Anakinra will be administered at a dose of 8 mg/kg/day IV or SQ with 100 mg every 6 hours as the max dose. This is discontinued with a taper during the hospitalization over 2-4 days once a patient is stable with significantly improved clinical course and laboratory profile.
Methylprednisilone (steroids) will be administered as 2 mg/kg IV or orally divided every 12 hours.
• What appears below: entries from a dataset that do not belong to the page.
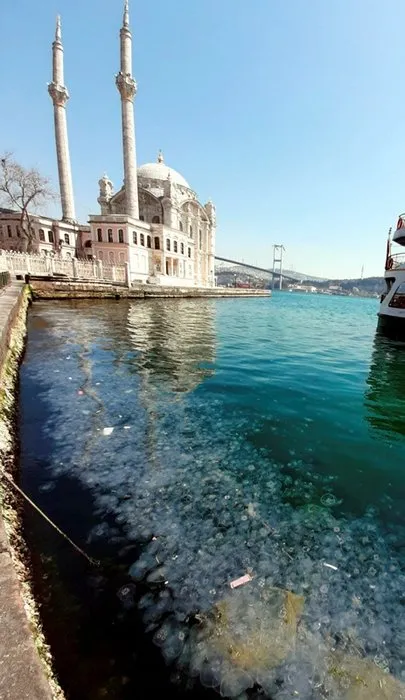 Son dakika | Marmara’da müsilajın ardından yeni tehdit! Balıkçılığı vuracak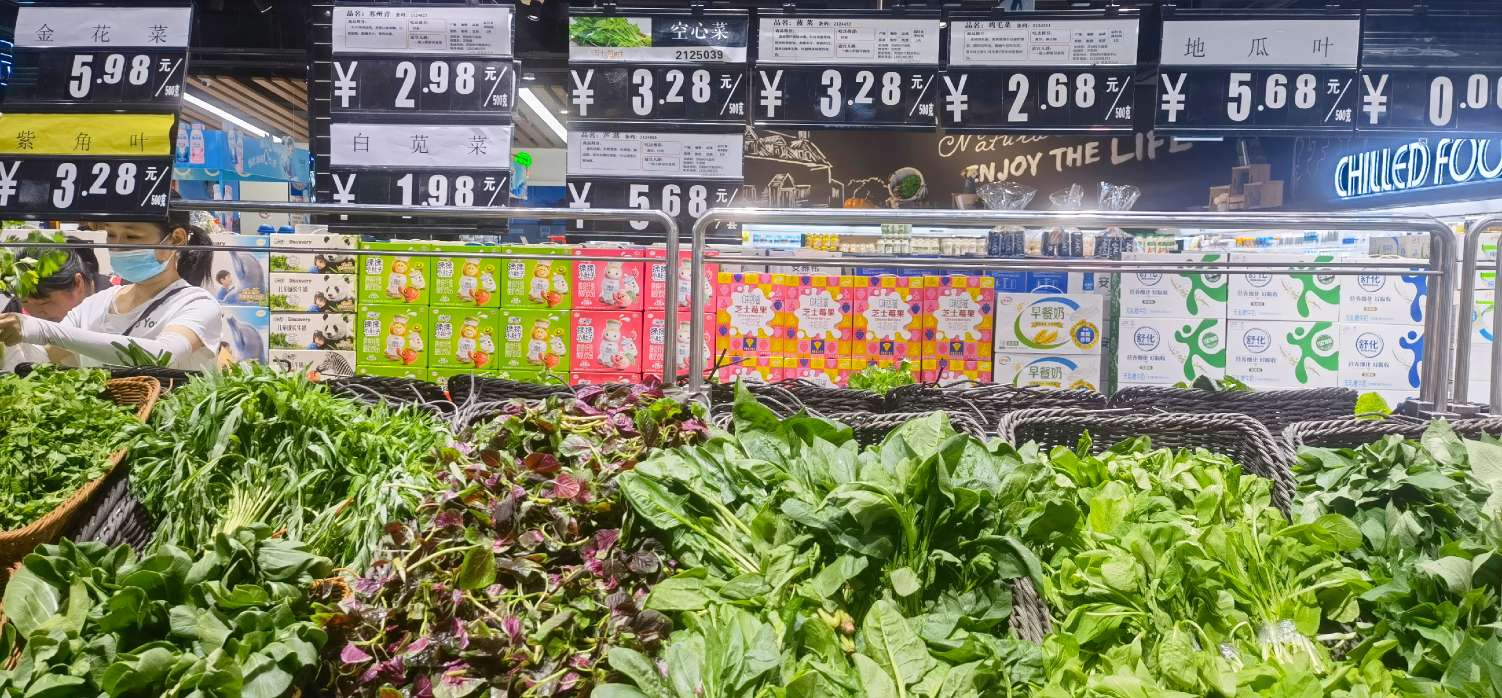 80后大学生的上海租房戏剧人生,搬家搬到崩溃,定居的喜悦与忧伤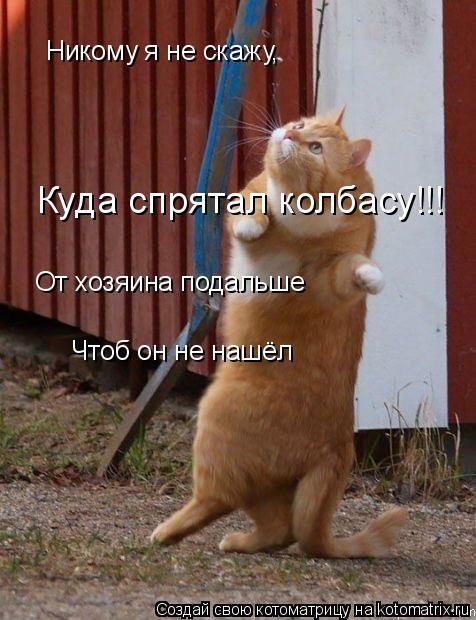 Никому я не скажу, Куда спрятал колбасу!!! От хозяина подальше Чтоб он не нашёл... Котоматрица: Никому я не скажу, Куда спрятал колбасу!!! От хозяина подальше Чтоб он не нашёл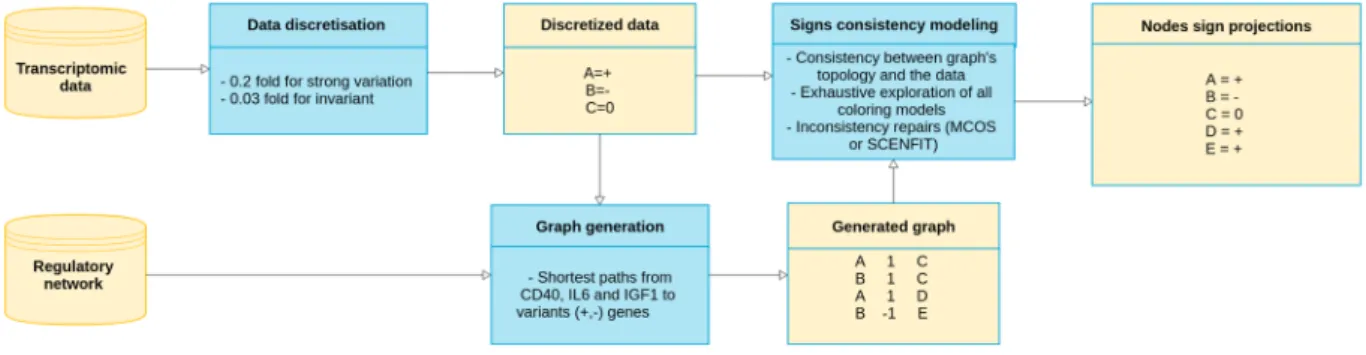 Figure 1.  Overview of the sign consistency modeling framework.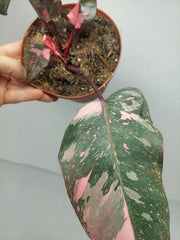 Sad Plants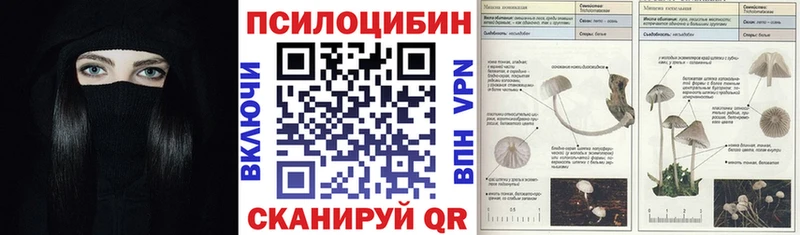 Галлюциногенные грибы мицелий  что такое   Томилино 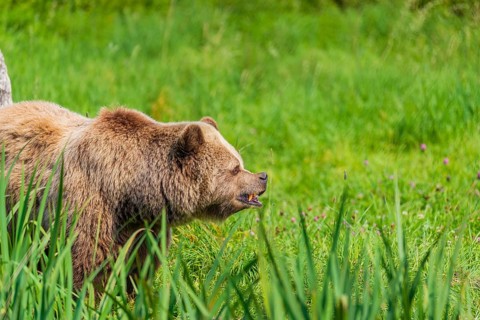 One adult male eurasian brown bear (Ursus arctos arctos) stands in a meadow with tall grass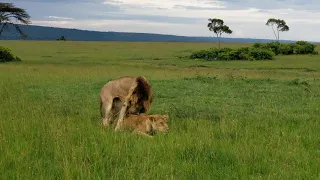 Making babies by Lions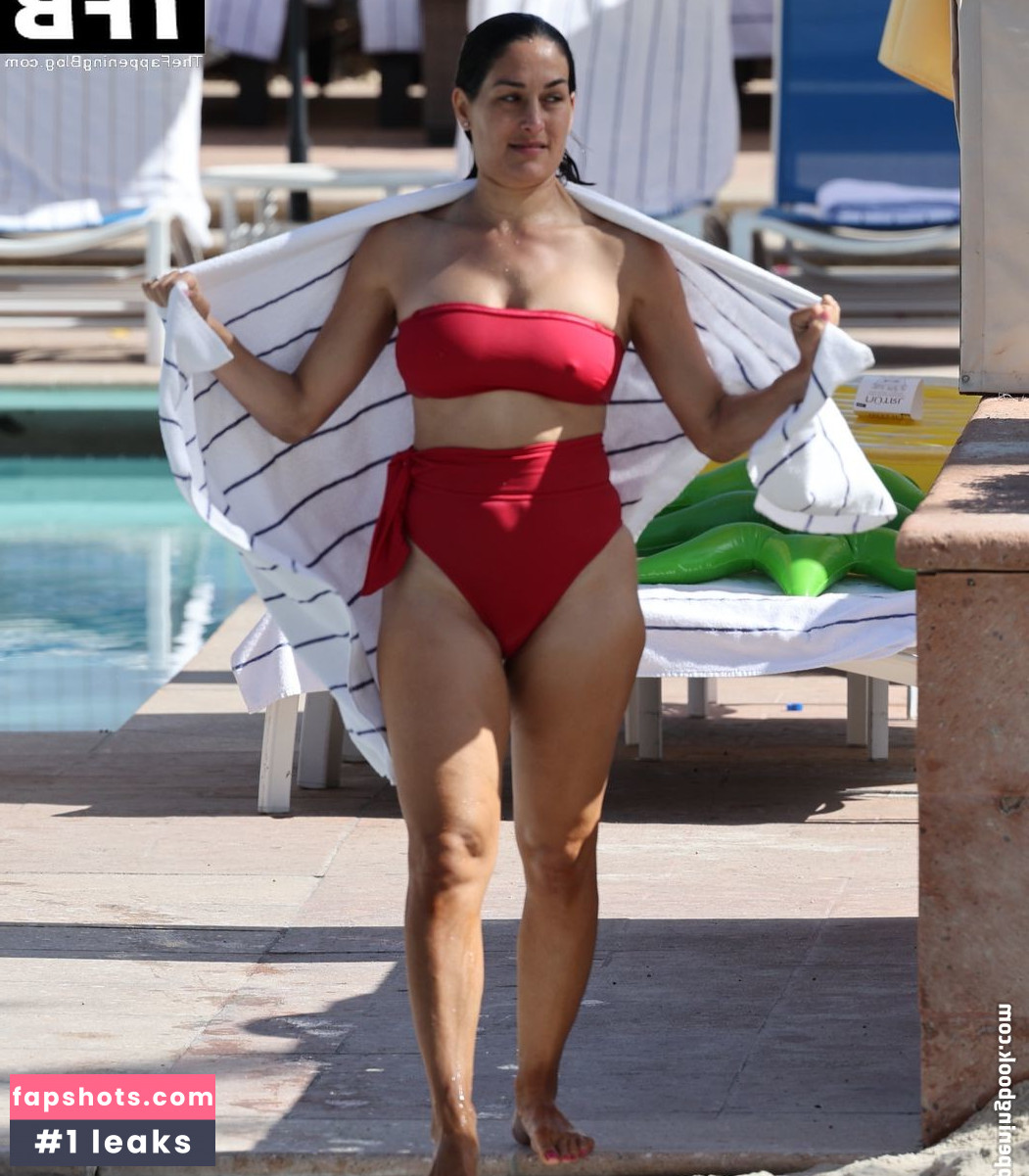 Nikki Bella Nude Leaks OnlyFans Photos #75 - LeakJerk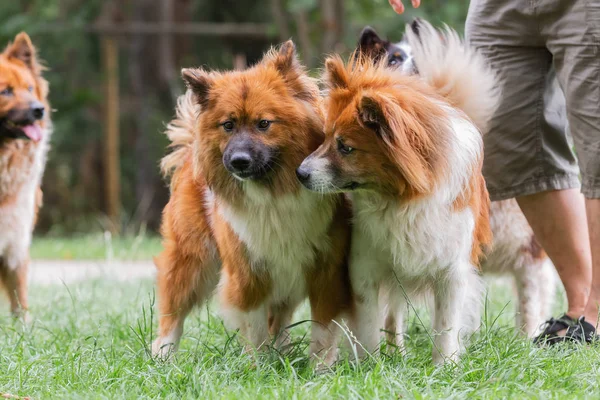 Lindo elo perros jugar al aire libre — Foto de Stock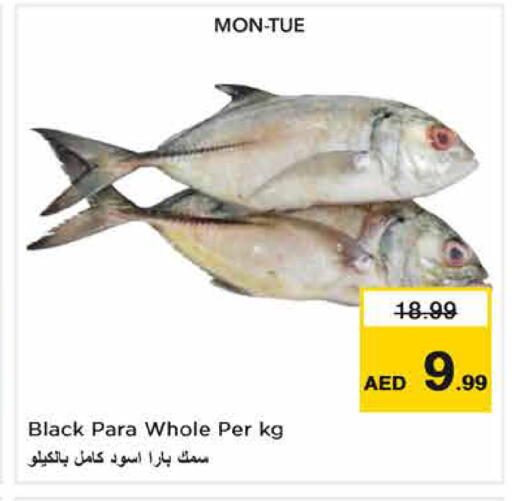 متوفر لدى نستو هايبرماركت في الإمارات العربية المتحدة , الامارات - الشارقة / عجمان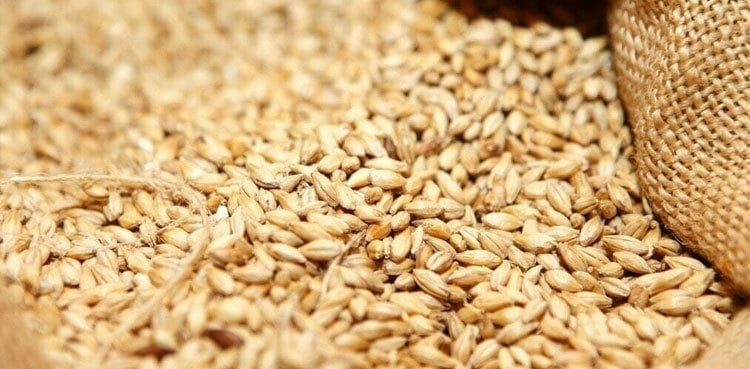 LHC summons policy regarding wheat procurement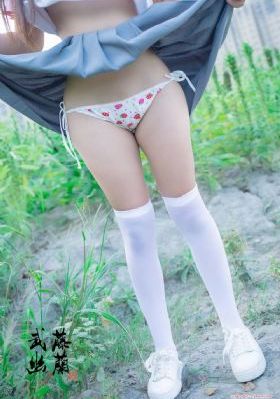 大秦赋在线观看免费全集完整版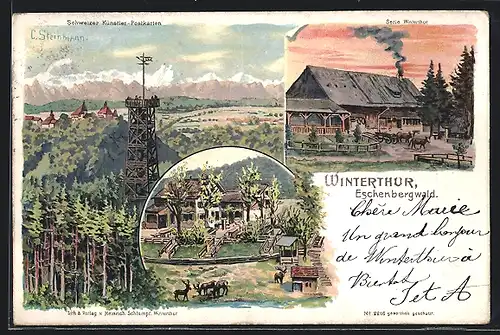 Künstler-AK C. Steinmann, Nr. 2216: Winterthur, Gasthaus zum Eschenbergwald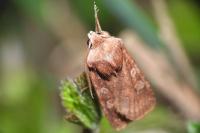 Cerastis leucographa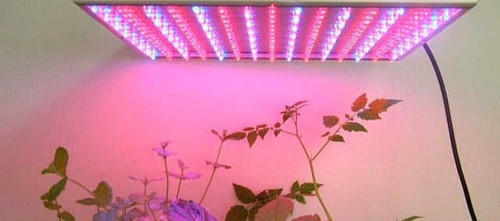 post led n3ytphhm0laiqsjg2tnsu00gv16zemfvruyay5uung.jpg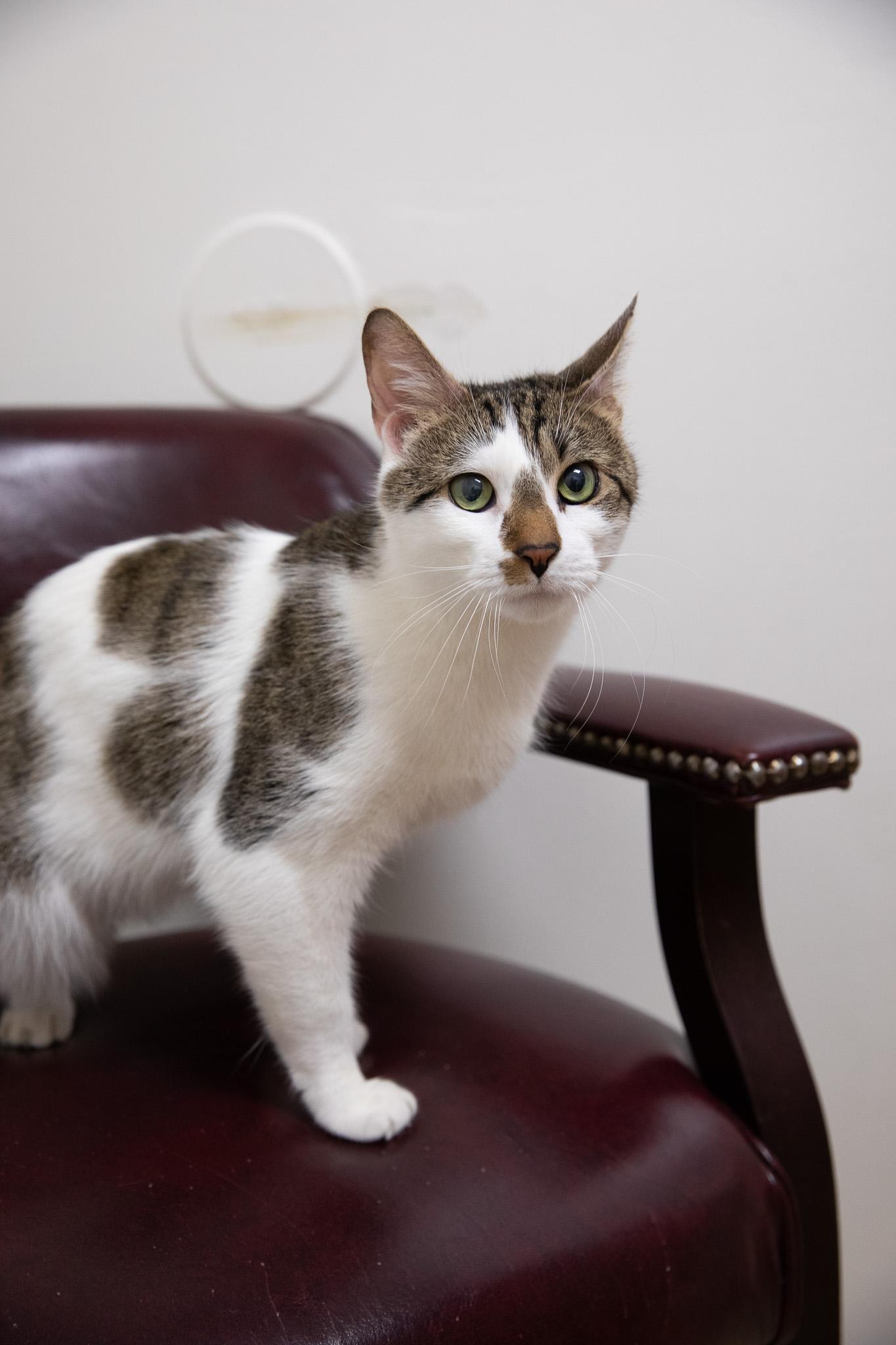 Enlarge Freya, a ADOPTABLE Domestic Short Hair in Montclair, NJ image 6/6
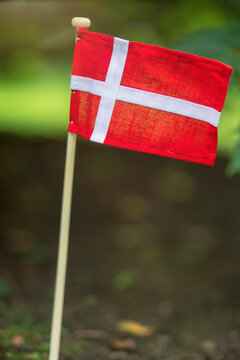 Denmark, Aarhus, Danish flag in front yard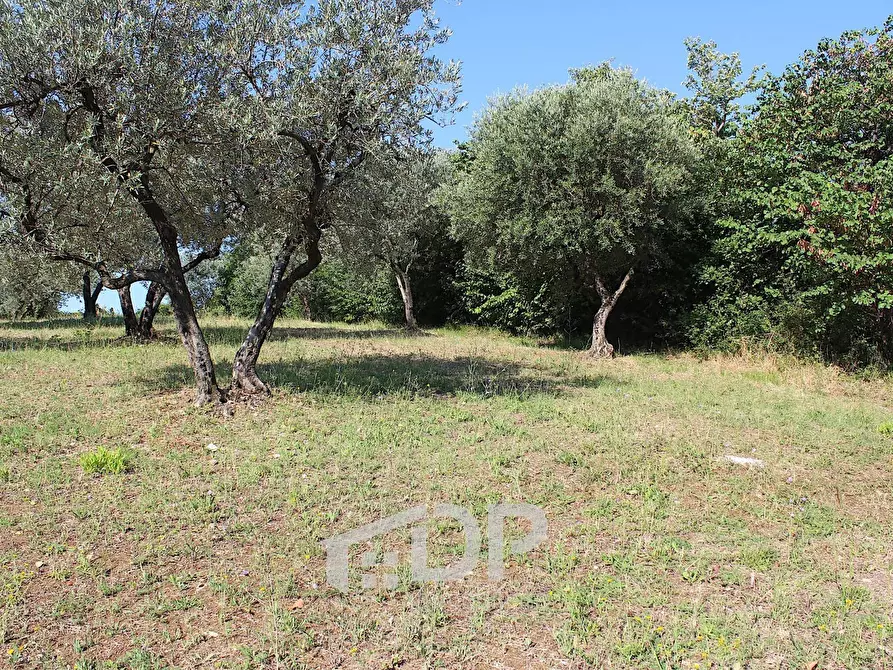 Immagine 25 di Terreno residenziale in vendita  in Strada dei Colli snc a Palombara Sabina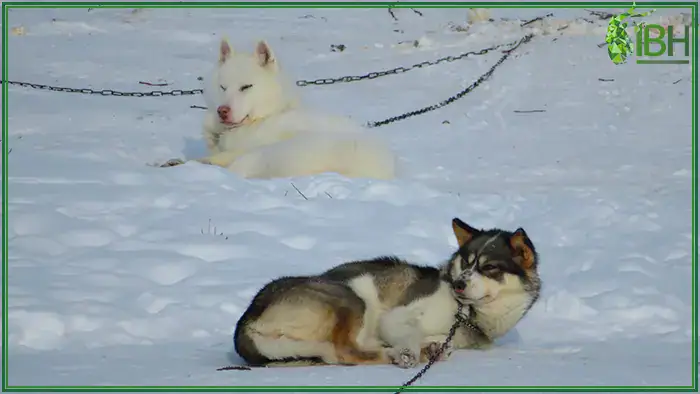 Dogs-chilling-on-the-hunting-in-Greenland (1)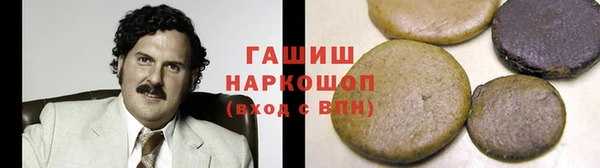 индика Абаза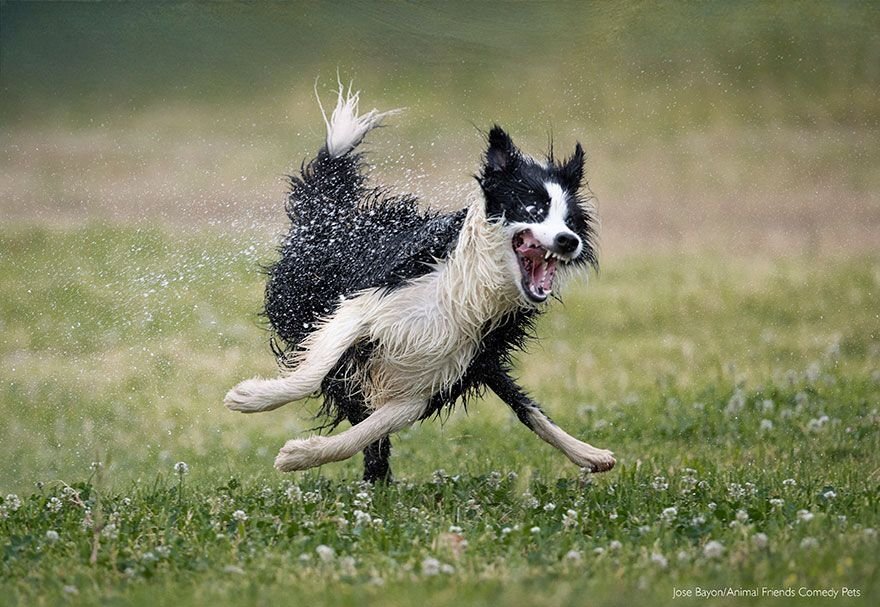      comedypetphoto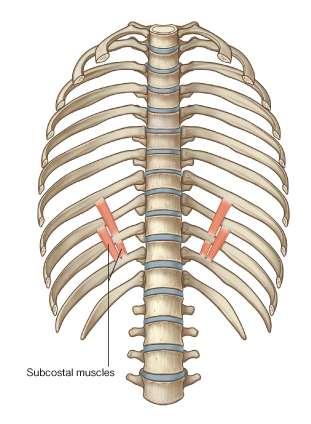 Subcostal muscle More distinct in the lower parts of the thorax Originates on the internal surface of the angle of one rib and inserts in the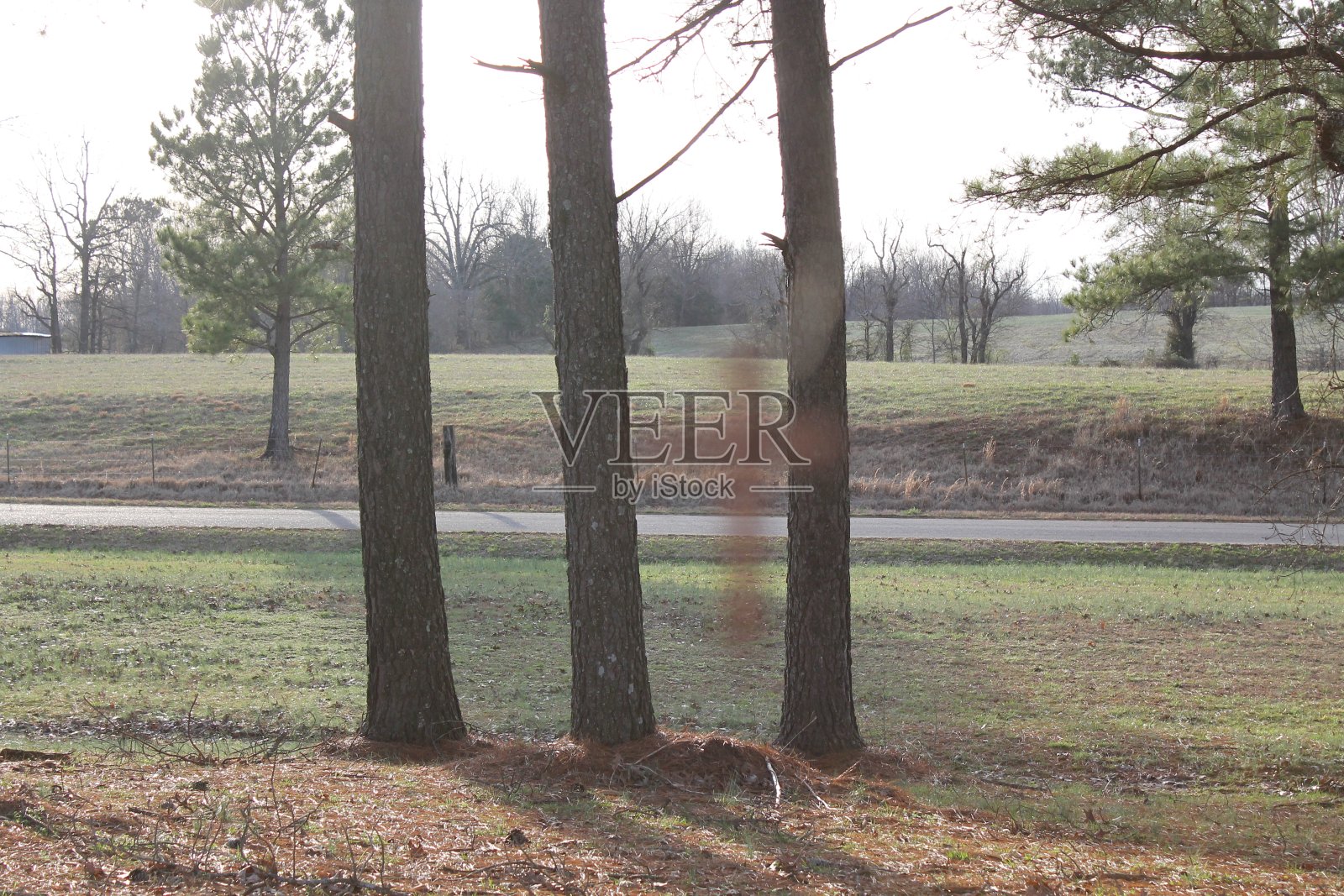我一直在那里照片摄影图片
At the time of hospital discharge the patient will be given a steroid taper that will take at least 3 weeks to complete.
Rady Children's Hospital
San Diego, California, United States
Children's Hospital Michigan
Detroit, Michigan, United States
Number of Participants Needing Additional Anti-inflammatory Therapy Within the First Week of First Randomization
The three arms of the study will be compared to see which initial randomization arm (infliximab, anakinra or steroids) has the lowest rate of additional anti-inflammatory therapy within the first week of first randomization.
Time frame: 1 week
Number of Participants With Adverse Events
Of the three initial randomization arms (infliximab, steroids or anakinra), the rate of adverse events will be compared. The goal is to determine which arm has the lowest rate of adverse events. The AEs reported in the AE section include: All Cause, SAE and Others.